Exercise brief:
Leaving every picture out, please return exactly the lines from the top of the material below through the line with "For example, next", both included.

Exercise data:
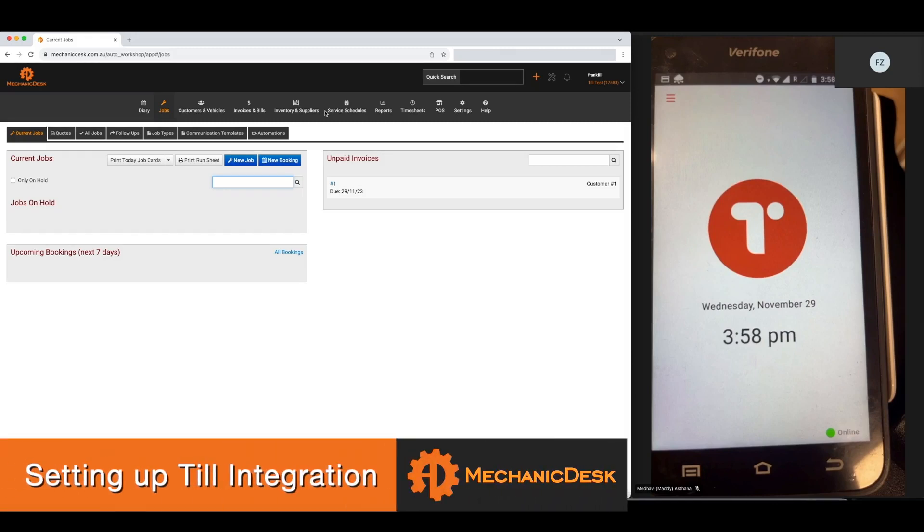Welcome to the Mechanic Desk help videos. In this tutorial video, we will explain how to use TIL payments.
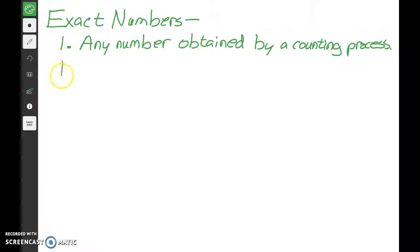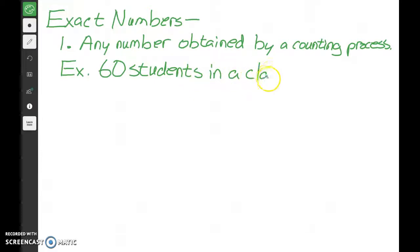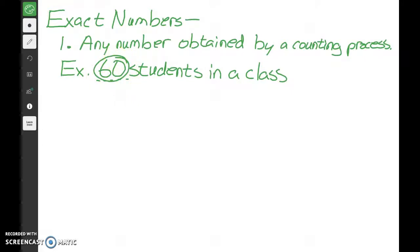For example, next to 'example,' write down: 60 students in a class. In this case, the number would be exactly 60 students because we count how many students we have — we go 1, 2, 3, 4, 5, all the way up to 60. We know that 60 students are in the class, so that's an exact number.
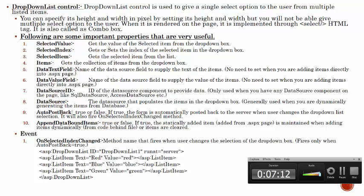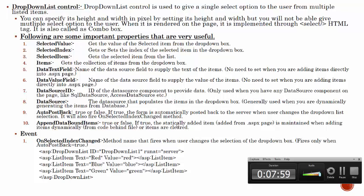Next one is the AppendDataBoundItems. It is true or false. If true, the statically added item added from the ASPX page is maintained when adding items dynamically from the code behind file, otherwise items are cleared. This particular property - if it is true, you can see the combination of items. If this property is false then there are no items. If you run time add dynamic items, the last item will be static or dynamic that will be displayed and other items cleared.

Solution to the exercise:
Welcome to the Mechanic Desk help videos. In this tutorial video, we will explain how to use TIL payments.
For example, next to 'example,' write down: 60 students in a class. In this case, the number would be exactly 60 students because we count how many students we have — we go 1, 2, 3, 4, 5, all the way up to 60. We know that 60 students are in the class, so that's an exact number.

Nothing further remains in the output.